There is a crisis creeping relentlessly across the farming country around Forbes and its effects will last long after the sandbags and black plastic on town blocks are carted away.
As breakfast television shows broadcast against the backdrop of Johnny Woods Crossing in the centre of Forbes on Monday, and debate raged about whether the town would be cut in two, out on the broad flat expanses where the Lachlan River winds west, farmers were counting costs that run into hundreds of thousands, even millions of dollars.
At Riversleigh, 23 kilometres west of Forbes on the flooded road to Condobolin – the town next in line to be consumed by the spreading Lachlan – Sarah Black checks a levy bank she and husband Andrew built after the big flood of 1990, before reporting back inside. “At this stage it’s protecting us, but it won’t if it rains again,” she says.
Her daughter-in-law Julie, who runs a property near Trangie, has flown in by helicopter, stopping at the Forbes SES headquarters to pick up two managers from the Forbes branch of Rabobank.
Also present is Sarah’s husband Andrew, a vet, and a Dubbo agronomist and farmer Matt Shephard who has come down to check on a block behind the levee he leases from the Blacks. An excavator works to repair crumbling sections of the levee.
Nick Turner, a manager with Rabobank, talks in terms of $150 an acre to get wheat or canola crops to the point they were. All that has been lost by hundreds of farmers and tens and thousands of acres more are in the balance.

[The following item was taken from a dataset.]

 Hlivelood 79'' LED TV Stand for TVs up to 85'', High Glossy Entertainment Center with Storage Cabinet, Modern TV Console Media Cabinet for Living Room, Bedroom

Premier Mike Baird’s declaration of a state of emergency in Forbes is welcome news but won’t stop the unfolding crisis in the Central West. Neither will government loans, he says.

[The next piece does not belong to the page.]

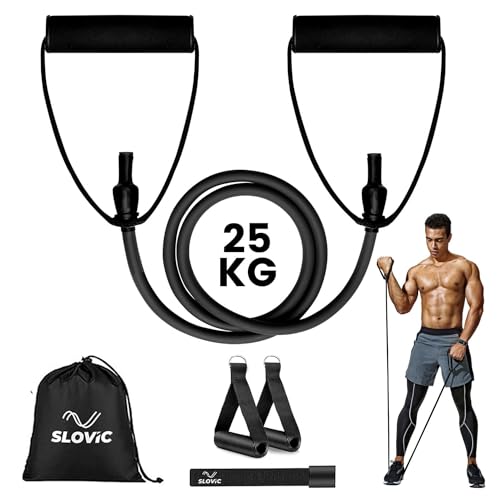 Image of Slovic Resistance Tube [Upto 25 KG] | Resistance Band for Workout | Stretching Band for Exercise Band | Resistance Bands Set | Gym Equipment for Home Workout | Ideal for Men & Women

“Low interest loans don’t tick the boxes because rates are already so low. Governments should leave debt funding to banks and look at grants.”

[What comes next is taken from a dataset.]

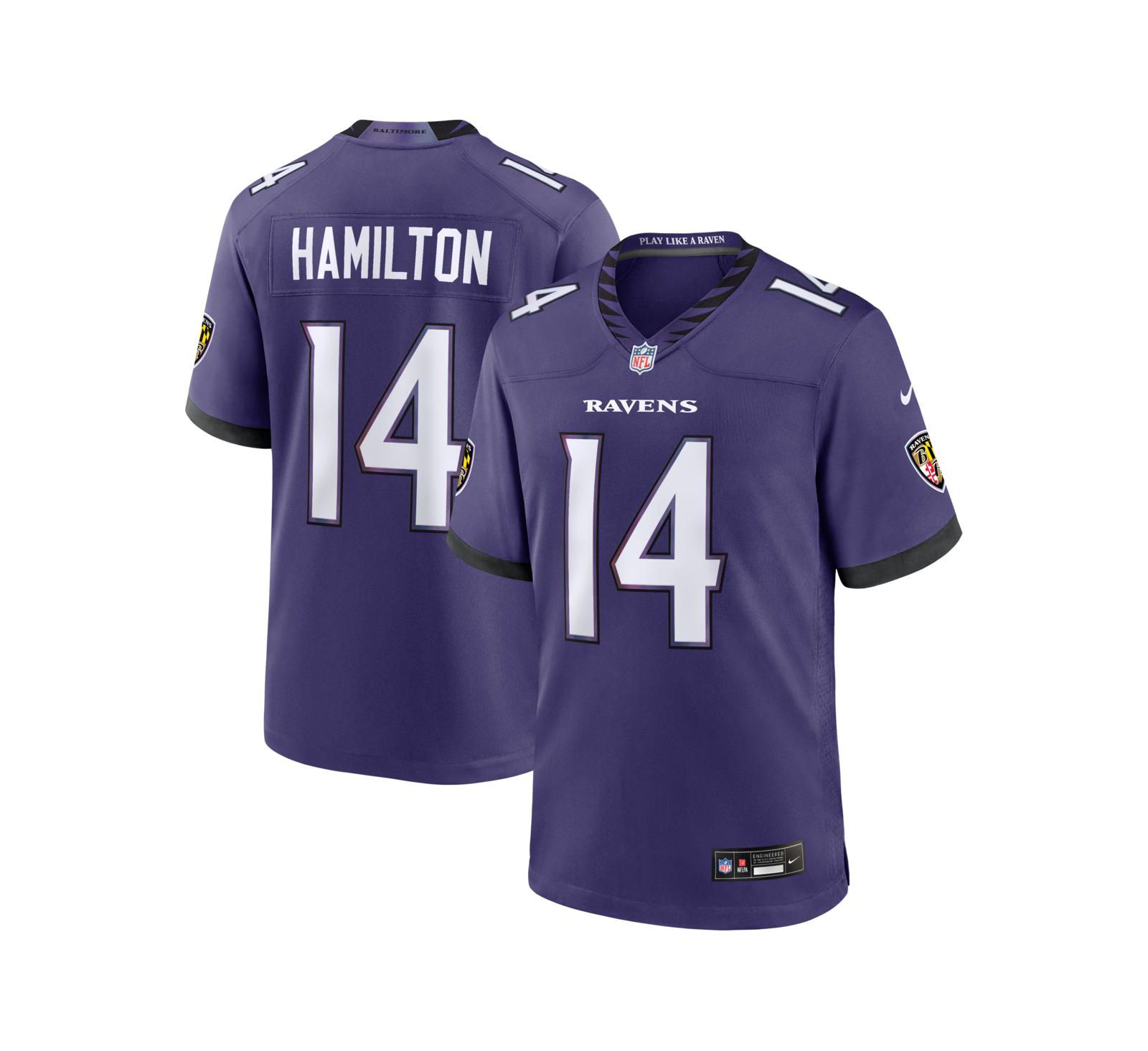Мужская джерси Nike Kyle Hamilton Purple Baltimore Ravens Team Game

Mr Shephard says there must be some appreciation of the stewardship farmers undertake.
“It’s really frustrating our city counterparts don’t appreciate how good we are as stewards.” For Mr Turner there is an obvious justification for helping farmers.
“We cannot underestimate the multiplier effect farms have in local towns,” he says.
“If farmers are not spending money then we all do it tough.”
For Sarah Black if selling the message to metropolitan voters is hard it is because not only the source but the value of food has somehow been lost in a society where households throw away thousands of dollars worth annually.
“People don’t respect food or the people who produce it.”